• [GIVEN DATA]
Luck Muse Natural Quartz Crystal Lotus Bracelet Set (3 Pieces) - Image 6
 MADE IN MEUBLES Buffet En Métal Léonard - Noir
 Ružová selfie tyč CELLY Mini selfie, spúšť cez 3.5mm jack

• [TASK REQUIREMENTS]
Nothing should be dropped: transcribe all the material exactly.

• [RESPONSE AREA]
Luck Muse Natural Quartz Crystal Lotus Bracelet Set (3 Pieces) - Image 6
 MADE IN MEUBLES Buffet En Métal Léonard - Noir
 Ružová selfie tyč CELLY Mini selfie, spúšť cez 3.5mm jack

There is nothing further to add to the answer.